# Recorded data

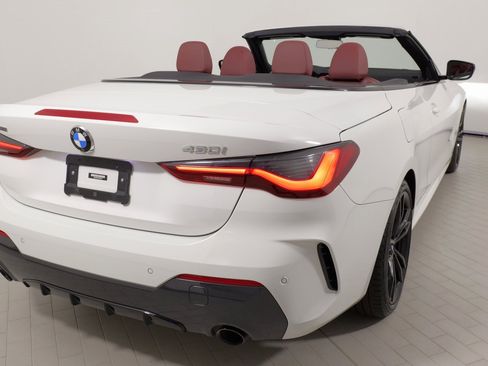 Used 2023 BMW 430i xDrive Convertible w/ M Sport Package image 14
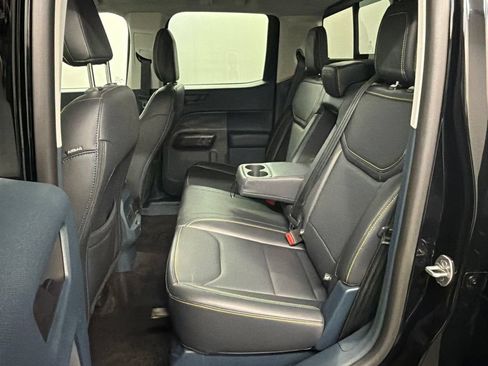 Certified 2025 Ford Maverick Lobo AWD/4WD image 31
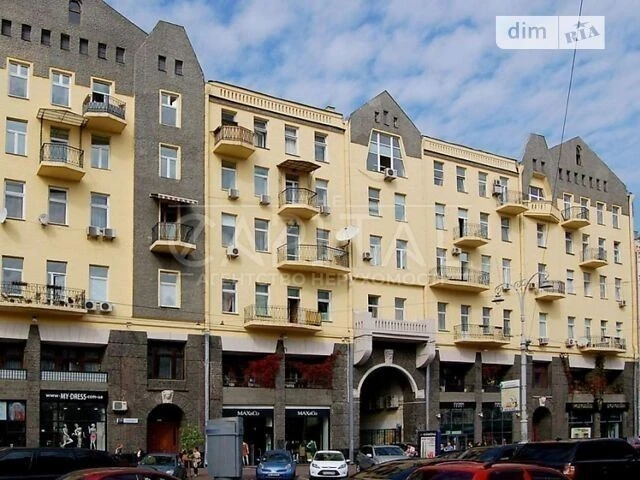 Sale of 3-room apartment 94 sq. m. on Velyka Vasylkivska 14 street
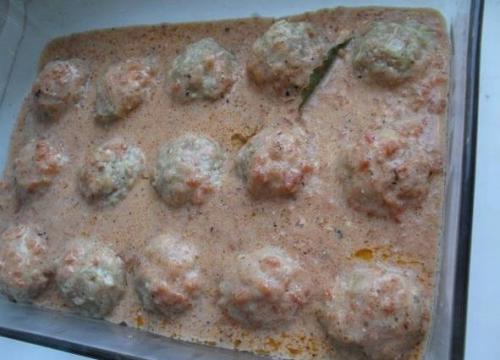 Тефтели в духовке в томатном соусе. Вкуснейшие тефтели в нежном томатно-сметанном соусе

# Exercise
Restate the whole listing exactly as written, minus the pictures.

# Reply
 Used 2023 BMW 430i xDrive Convertible w/ M Sport Package image 14
 Certified 2025 Ford Maverick Lobo AWD/4WD image 31
 Sale of 3-room apartment 94 sq. m. on Velyka Vasylkivska 14 street
 Тефтели в духовке в томатном соусе. Вкуснейшие тефтели в нежном томатно-сметанном соусе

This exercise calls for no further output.